L’amour frappe entre-temps à sa porte, elle rencontre Pierre de Gersigny, se mariera avec lui de qui elle aura quatre enfants, Danielle, Pierre, Anne et Sonia. Aujourd’hui, la famille s’est agrandie avec neuf petits enfants et quatre arrière-petits-enfants. « Il travaillait sur la propriété sucrière et nous avons connu avec nos enfants des jours heureux. J’ai voyagé en France, Espagne, Portugal, Italie, Afrique du Sud. »

Et qu’est-ce qui la maintient en bonne condition physique ? Eva répondra sans détour que c’est le sport, notamment l’équitation, le vélo, le tennis. « J’habitais une grande maison et la cour était idéale pour des parties de tennis. On était sept enfants et je suis la cadette. Quand on me parle de longévité, autant dire que je tiens cela de ma famille. Mes sœurs ont réussi à franchir le cap des 90 ans et ma dernière sœur est dans les 80 ans. »

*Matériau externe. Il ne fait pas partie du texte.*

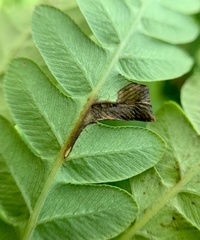 Chirosia filicis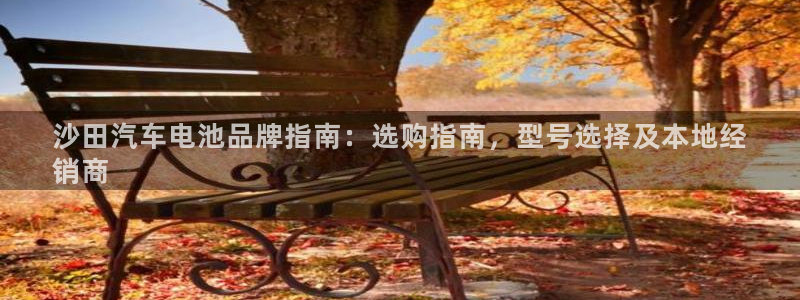 优发国际是大平台吗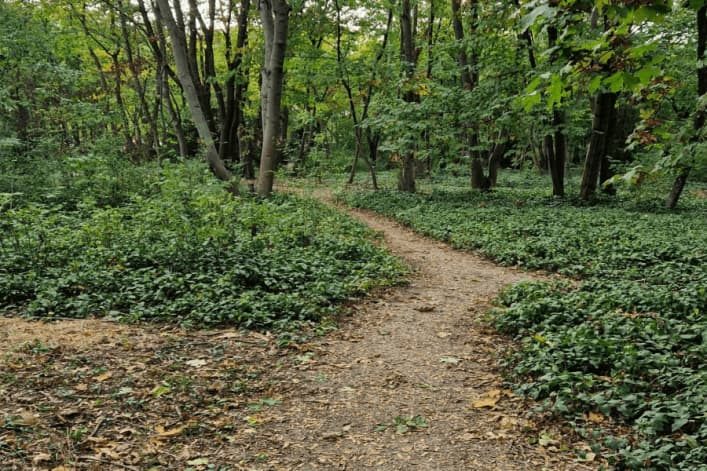 Waldfriedhof am Zentralfriedhof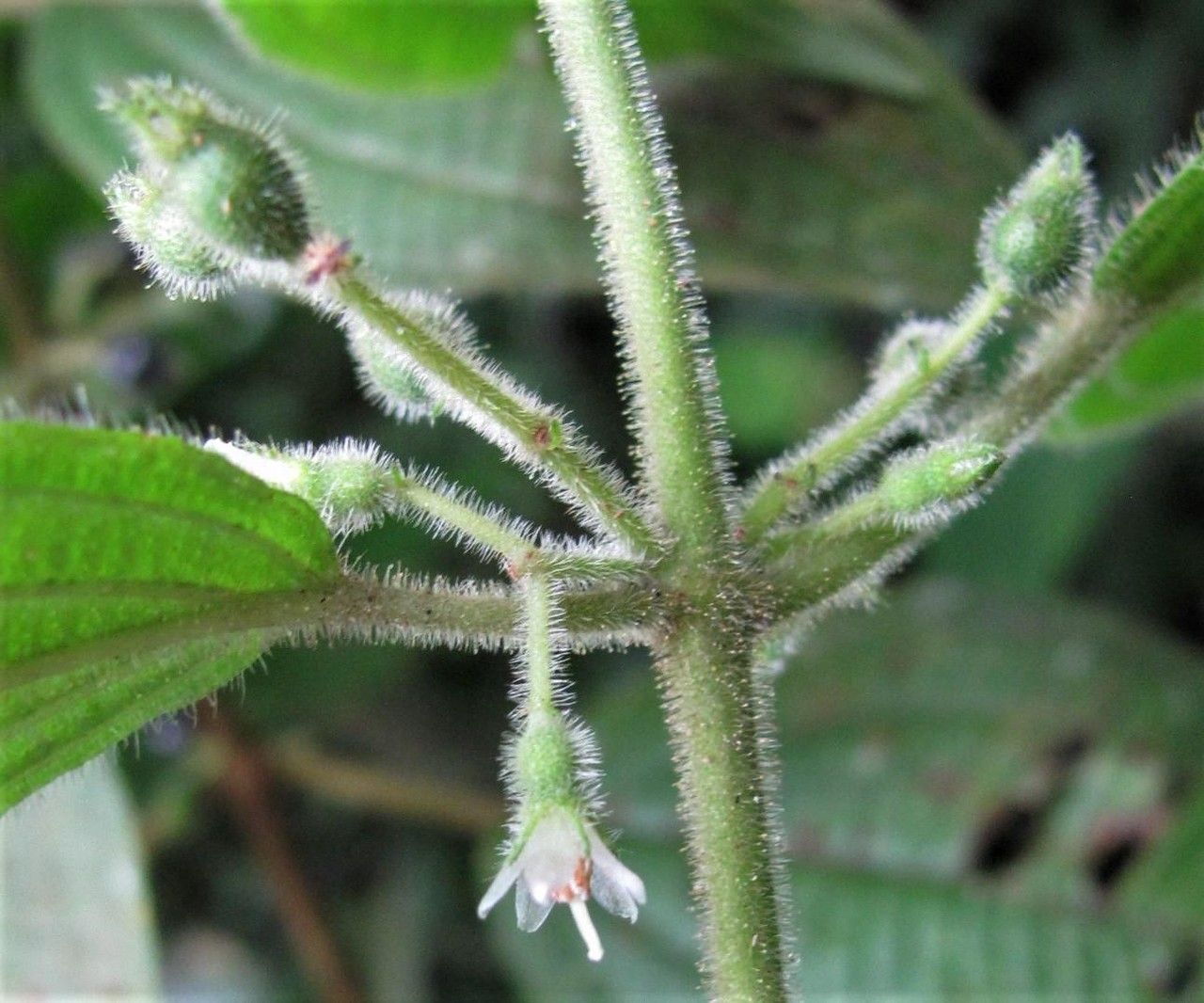 Clidemia davidsei — related species from the same genus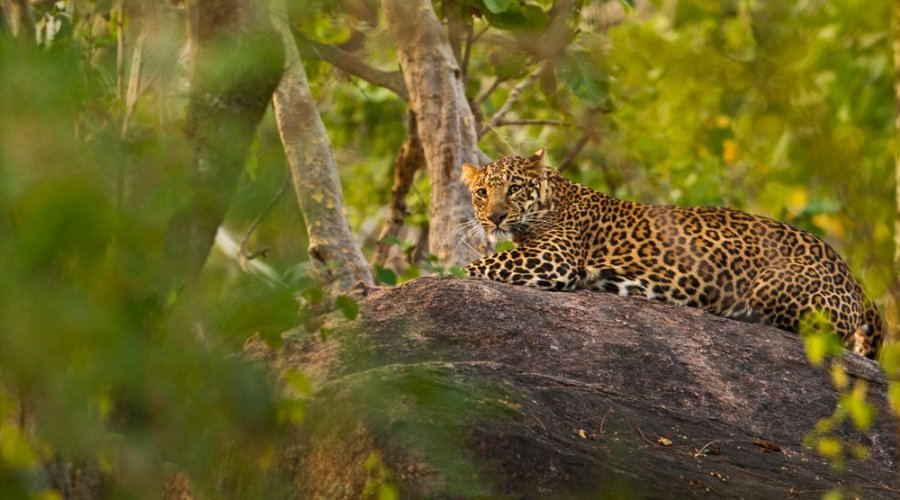 Indian leopard resting on a rock inside the forest of Jawaharlal Nehru National Park in Pench Tiger Reserve, Maharashtra.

« Dieu m’a fait grâce de son amour »

Eva aura une pensée pour sa fille, Anne, qui au moment de l’interview célèbre son anniversaire. Anne tout comme sa mère Eva s’est jointe au cours de Marjorie Nadal au Hub de la zone résidentielle de Phœnix pour se perfectionner comme d’autres membres passionnés d’art. « Anne était à l’étranger, elle est rentrée à Maurice et excelle dans la peinture sur porcelaine. C’est elle qui m’a entraînée dans ce cours de dessin pour que je ne reste pas dans ma solitude. Je lui ai dit : “Suis trop vieille.” Mais après l’accueil que j’ai eu, j’en suis encore toute émue. »

Jamais malade, elle a toujours mangé équilibré dans sa jeunesse pour entretenir aujourd’hui encore ce corps svelte. Cette endurance physique, elle la doit à ses années de sport. Eva respire la joie de vivre et son rayonnement solaire va de pair avec sa personnalité. Elle n’affiche aucune nonchalance, aucun regret, dit-elle, sur son parcours de vie. « Dieu en a décidé ainsi, il m’a fait grâce de son amour. Peut-être que dans ma jeunesse, je me suis beaucoup occupée des vieux, des femmes atteintes de polio. Je leur apprenais la broderie et j’étais aussi bibliothécaire, avide de lecture. Maintenant, je fais des mots croisés, des jeux, pour garder la mémoire alerte. »

Croyante, sa foi en Dieu, Eva la cultive au quotidien, tout en se rappelant que chacune de ses bonnes actions de jeunesse lui est bénéfique aujourd’hui. « La pauvreté m’a beaucoup marquée, on ne peut parler de cercle familial si on ne s’occupe pas des vieux et des malheureux. Ce geste est indispensable. Je suis triste que mes amies soient décédées, et je regrette aussi de n’avoir pas connu le monde du travail, la liberté de sortir entre jeunes, et surtout de ne pouvoir étudier à l’étranger. Aux jeunes, je dirais : faites du sport et ayez une activité qui vous maintienne comme c’est mon cas à travers le dessin et la peinture. »

Le secret de vivre vieux ? « C’est la volonté de Dieu, c’est une grâce divine. »
Eva, c’est une sacrée mamie. Et on quitte la rencontre avec elle, touchés par la force de son témoignage et son récit. Son fuseau entre les mains, elle a trouvé d’autres repères, celui d’ajouter des couleurs à son bel oiseau avec ce sentiment de liberté, d’être encore à 98 ans un électron libre. Une belle rencontre qui restera gravée dans nos mémoires. Et une belle leçon de vie, de cette mamie authentique, pour la Fête des mères.